An idea that is popular, especially in Generation X, is that reason is “the higher function.”
Response: Prove it. Use that higher function of yours for something productive. Design an engine. Write a program. Invent something.
I can reason well enough. But I do not believe that there is such a thing as a higher function. I believe that all functions are there for a reason.
And I know for a fact that the best results are achieved not by using one or the other function at the expense of all others, but by being conversant in all of them.
Reason, by itself, leads to coldness, cruelty and out-of-touch ineffectuality. Feeling, by itself, leads to mindlessness and self-absorption. But when you know how to do both, you have a use of two modalities that check each other's capacity to do wrong and can synthesize to produce wisdom faster – and fuller – than through either acting alone.
The people who only observe a social phenomenon have no idea of how it is experienced by the participants. This gets them rightfully accused of coldness, arrogance and uninformed judgmentalism. The people who only experience a social phenomenon have no idea of how it impacts upon the rest of the world. This gets them rightfully accused of ignorance. But a person who both observes and experiences has an integrative perspective that understands both the experience and its external effects.
In my life, this has translated into experiencing a variety of lifestyles, cultures and mindsets, as well as making sense of all of them. I have done this with mathematics, with literature, with software, with economics, with psychology, with tutoring and menial labor, with mysticism and the esoteric. I have done this with Communism, with liberalism, with Objectivism, with Buddhism, Christianity and the New Age. I have done this with Russia, with different parts of America, with both Melbourne and Queensland. In my relationships, I empathized with a number of very different women and adopted their concerns as my own. I experience something first; I make sense of it later. I continue to do so with all sorts of mentalities every day.
When I attended the Burningman festival in Nevada, the festival's organizers invited the media covering the event to participate in it. A gen-X friend of mine said that this undermined their objectivity. No; it gave them a more complete understanding of the event. They had the perspective of observation; they also had the perspective of the experience. That way they could write a much more insightful analysis than through either experience or observation acting alone.

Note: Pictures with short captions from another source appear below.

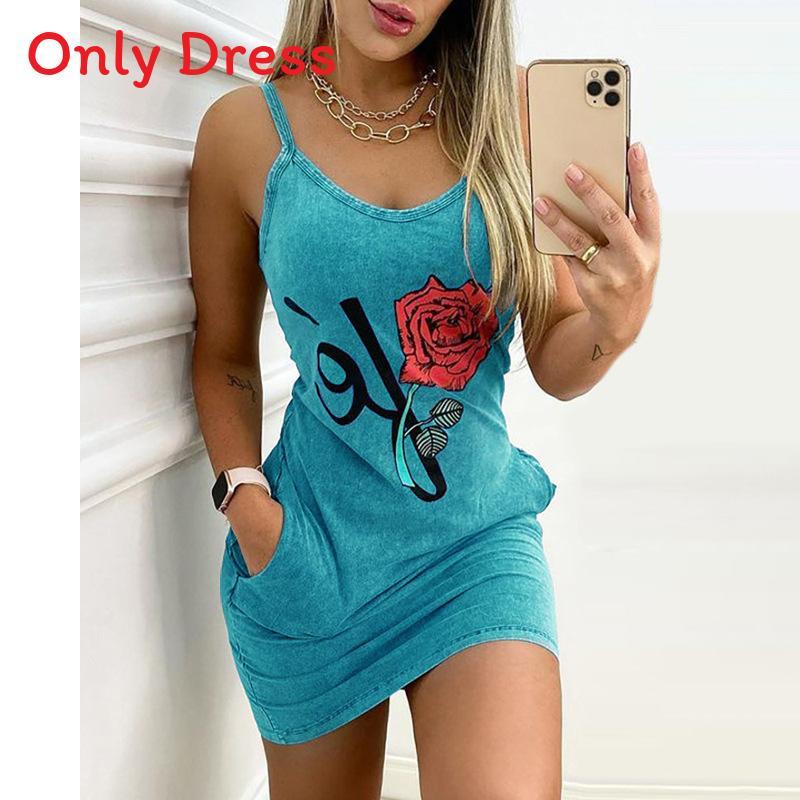 Womens Summer Floral Sleeveless Sundress With Pockets For Casual Wear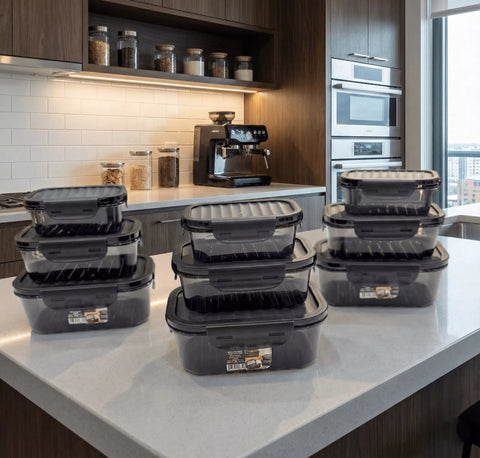 طقم علب فامية داخل التلاجة – Quick Airtight Saver Box in Fridge – تنظيم وحفظ الطعام بأحجام مختلفة
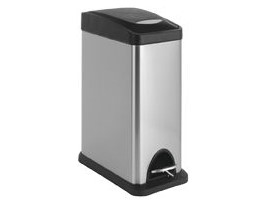 90286 - LOGICA 8 literes pedálos szemetes inox (ARTEX 21.40.01)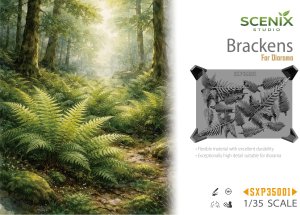 画像1: SCENIX Studio[SXP35001]1/35 ジオラマアクセサリー シダの葉 (1)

This integrative mentality has applications in all sorts of endeavors, from business to journalism to politics to psychology to culture. A person who's been in business will understand other businessmen a lot better than would a person with no such experience; but if he only has an experience of business he has no idea how his activities are experienced by his workers or by the rest of the country. A person who's been raised in Texas will understand other Texans a lot better than would a person who hasn't been raised there; but if he only has their perspective he will not know how Texas is experienced by people in England, Mexico or New York. Merely observational perspective lacks empathy, and merely experiential perspective lacks objectivity. When both are combined, we have the full picture.

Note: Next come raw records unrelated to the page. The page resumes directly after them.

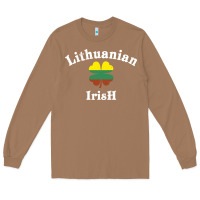Toasted Coconut lucky lithuanian irish flag shamrock leaf st patricks day Long Sleeve Tee - linhVisuals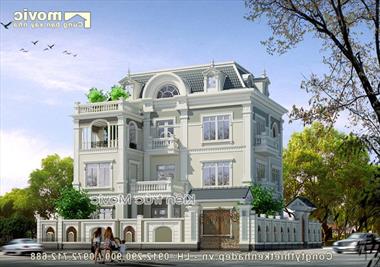 Nhà 3 tầng kiểu Pháp đẹp lộng lẫy - MV1538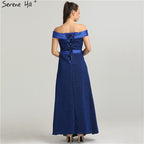 On Sale no return no refundSale Newest Off The Shoulder Formal Dress Fashion Sexy Glitter Beach Evening Gowns 2025 Real Photo LA6454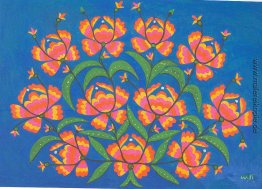 Ein Bündel von roten Blumen auf Armee-Tag lesen Ein Bündel von roten Blumen auf Armee-Tag lesen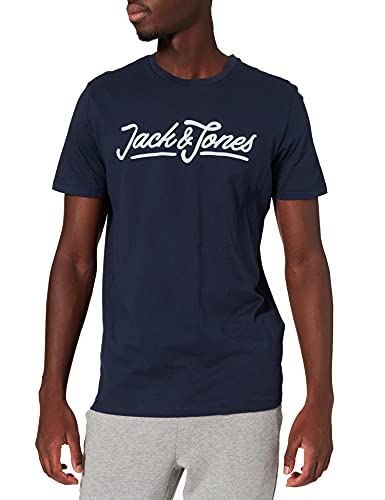 JACK&JONES ACCESSORIES JACARLO T-Shirt Camiseta, Azul Marino, L para Hombre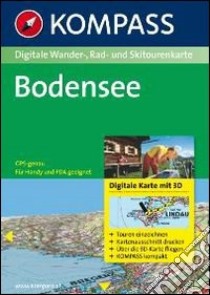 Carta digitale Austria n. 4001. Bodensee. Digital map. Con DVD-ROM libro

The process is not easy – not at all easy. It requires suspension of disbelief both from one's education and from each successive mentality. This can lead to being regarded a traitor or a whore; it can also lead to confusion, even in some cases insanity. These are all intermediate stages. The final outcome is this: Wisdom.
Wisdom that then makes it possible to understand both the experience of each mentality and its effects on their environment and negotiate informed, peaceful solutions that work for each side.

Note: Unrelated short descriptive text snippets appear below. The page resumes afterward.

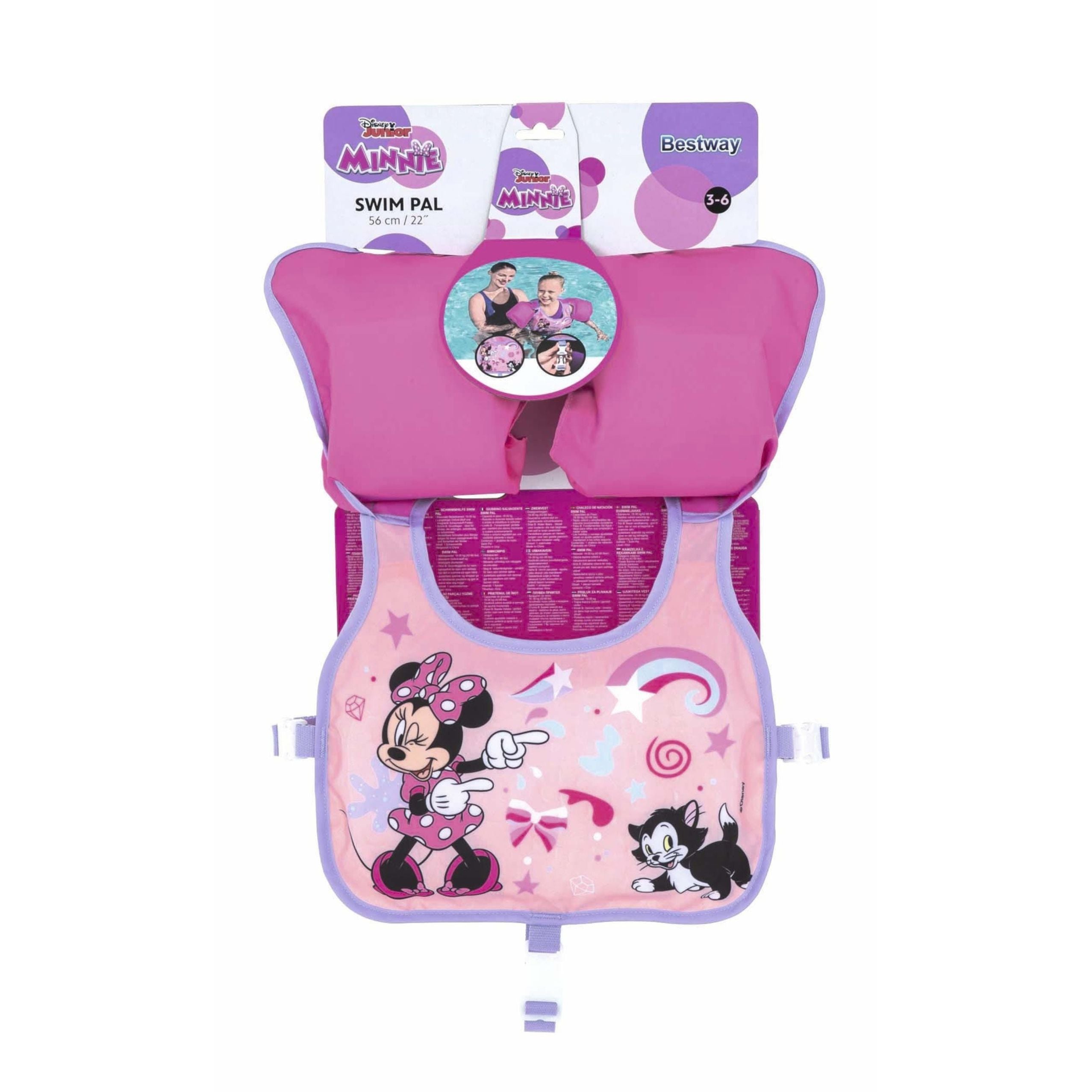 Bestway 9101a Pink Minnie Mouse Swimming Vest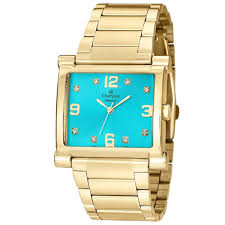 Relógio Champion Feminino Elegance Dourado CN26939F - oticasvitoria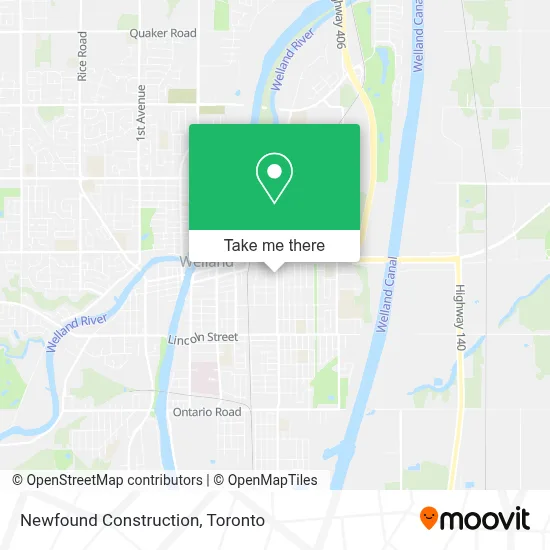 Newfound Construction map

This can be a way in which peace that works for all sides can be practically implemented. Combining both the understanding of the experience and the reality of its effects on other people, a person possessing an integrative perspective can reach both and advocate to both for either while also confronting each side where they are in the wrong. Neither mere observation nor mere experience can accomplish this; both will be equally prejudiced. But when you have both, you can understand both and put into place workable solutions.
Academia, media, politics, business and Hollywood all stand to gain a lot from this methodology. As indeed can any number of people in the world.